BEGIN Entries provided
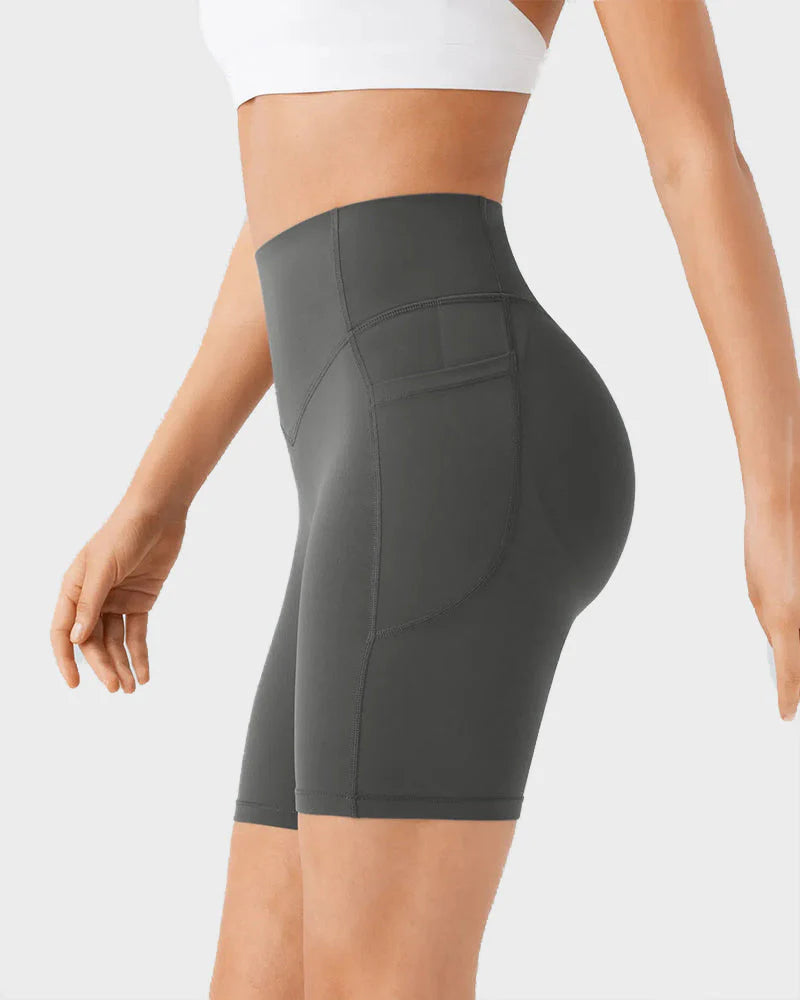 Tummy Control Butt-Lifting Training Shorts with Pockets D6080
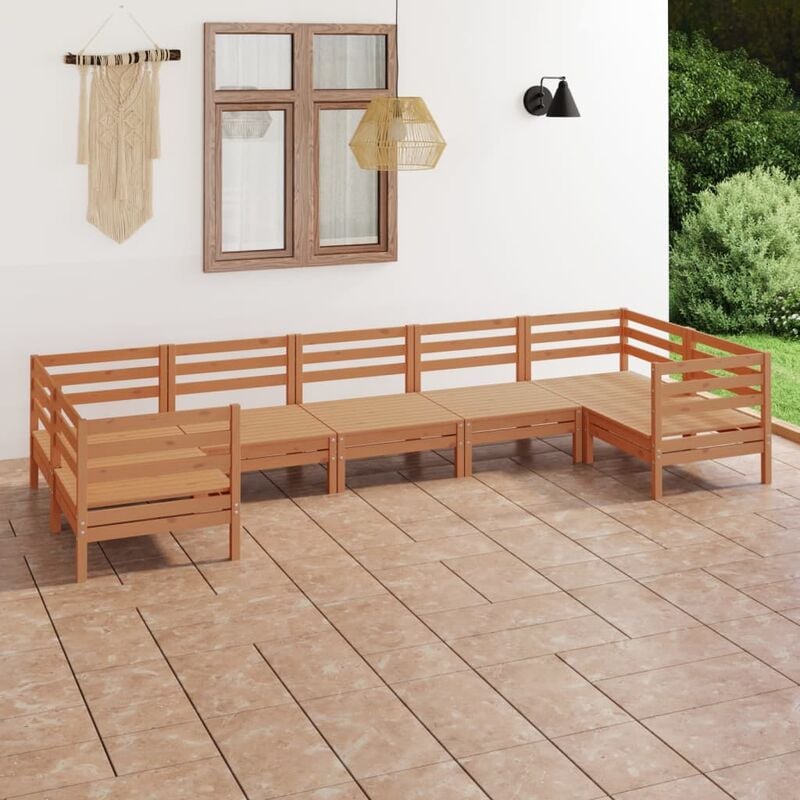

Juego muebles de jardín 7 pzas madera maciza pino marrón miel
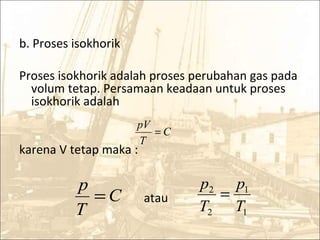 b. Proses isokhorik
Proses isokhorik adalah proses perubahan gas pada
volum tetap. Persamaan keadaan untuk proses
isokhorik adalah
karena V tetap maka :
atau
C
T
pV
=
C
T
p
=
1
1
2
2
T
p
T
p
=
 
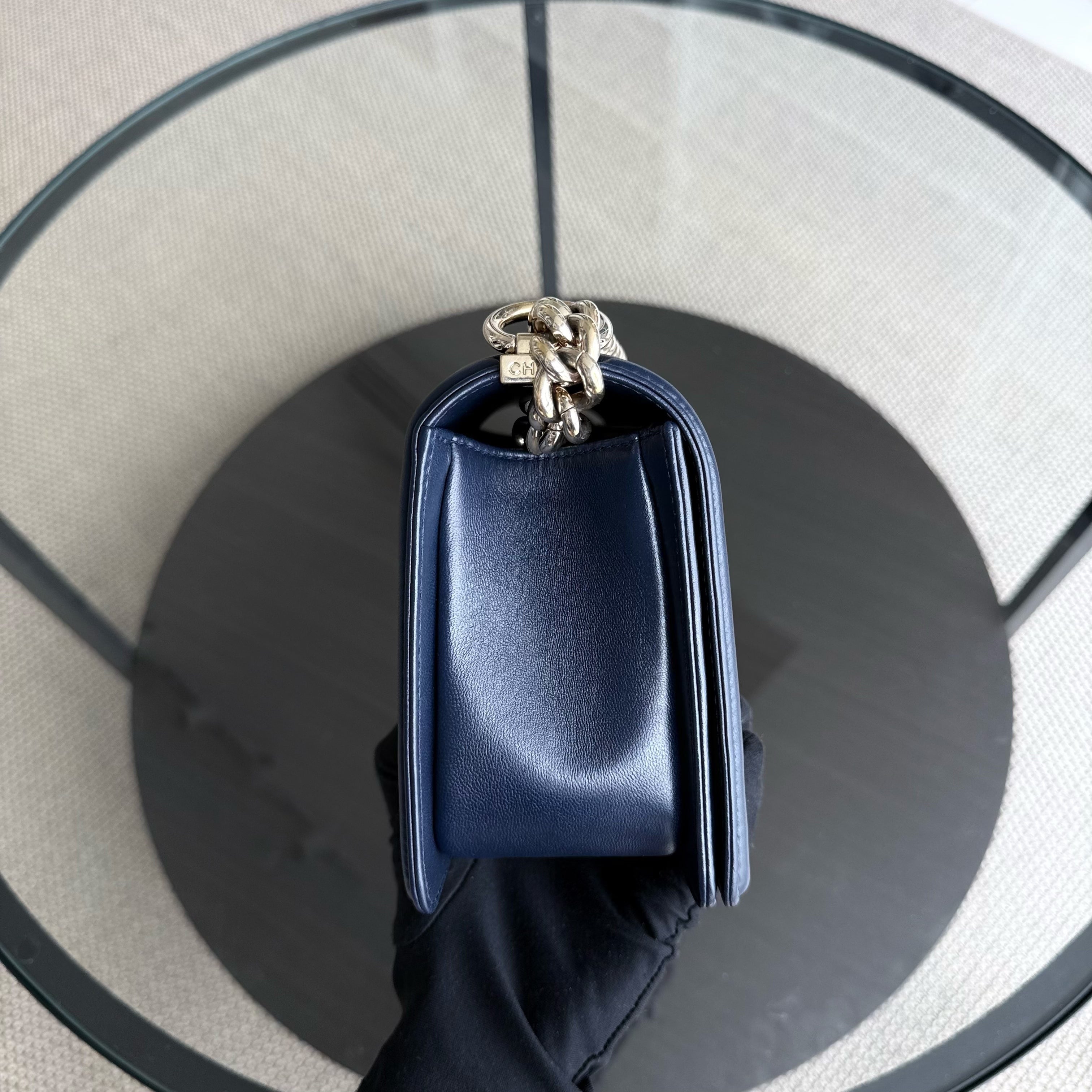 Chanel Boy Medium - 25CM Quilted Lambskin Dark Navy Blue Gold Hardware Series 22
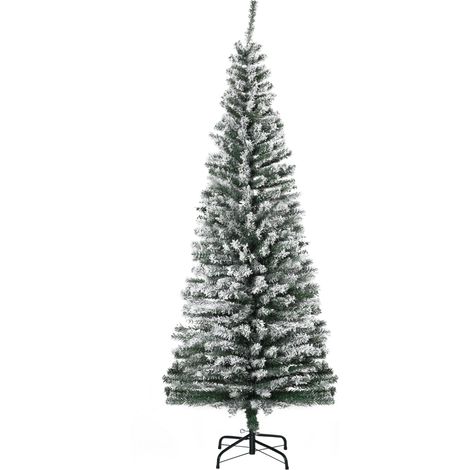 Schmaler, 180 cm hoher, schneebedeckter Weihnachtsbaum mit 492 Zweigen und Metallständer für das Wohnzimmer, grün und weiß (1/5)
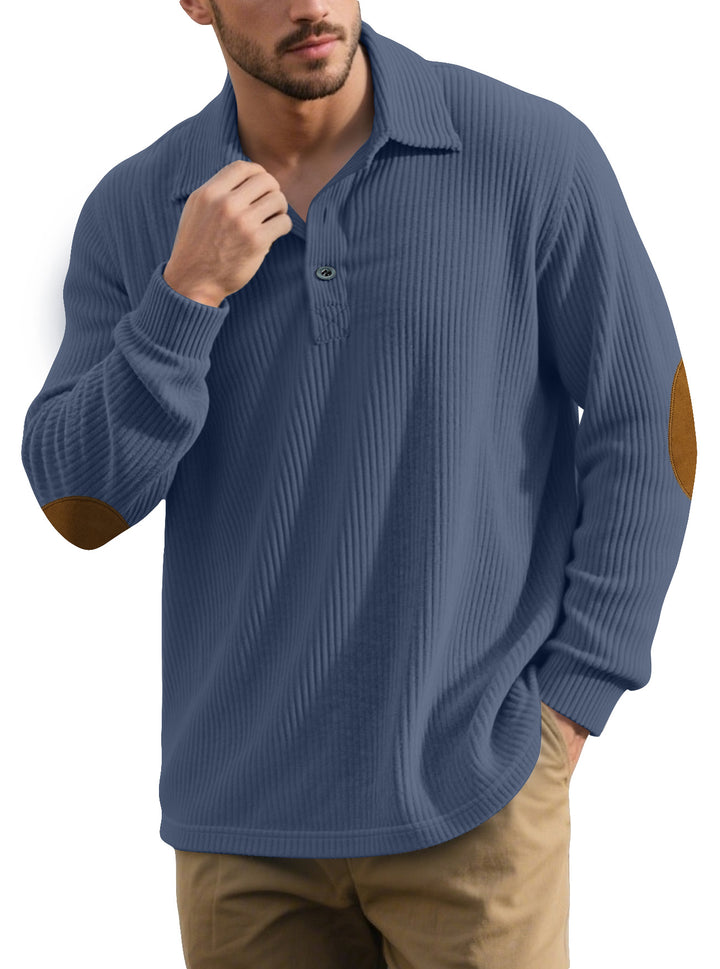 Herren nan gerippter Freizeit-Polo mit Kentkragen, kurzer Knopfleiste und Velours-Ellenbogenpatch Drune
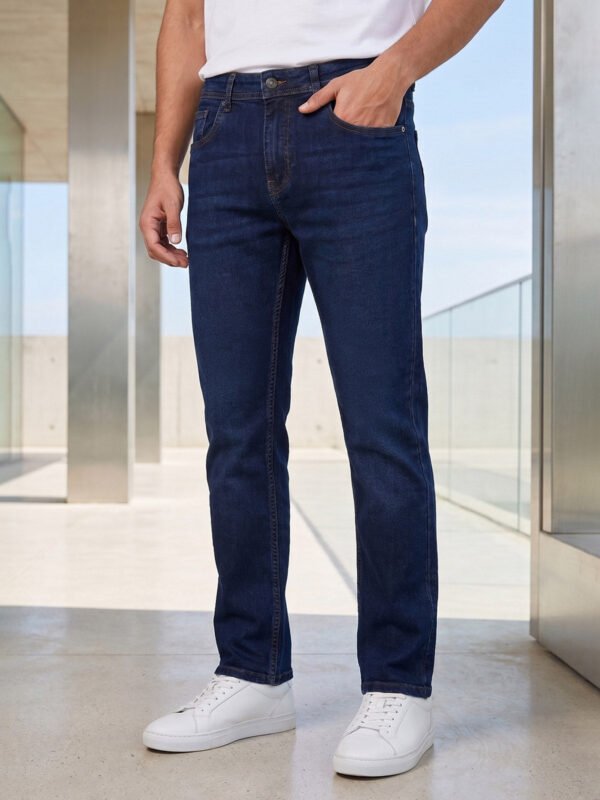 Dark Blue Straight Fit Jeans 56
END Entries provided
-- Problem to work on --
Within the data above, how many lines include "adalah"? The number alone is the answer.

-- Expected output --
2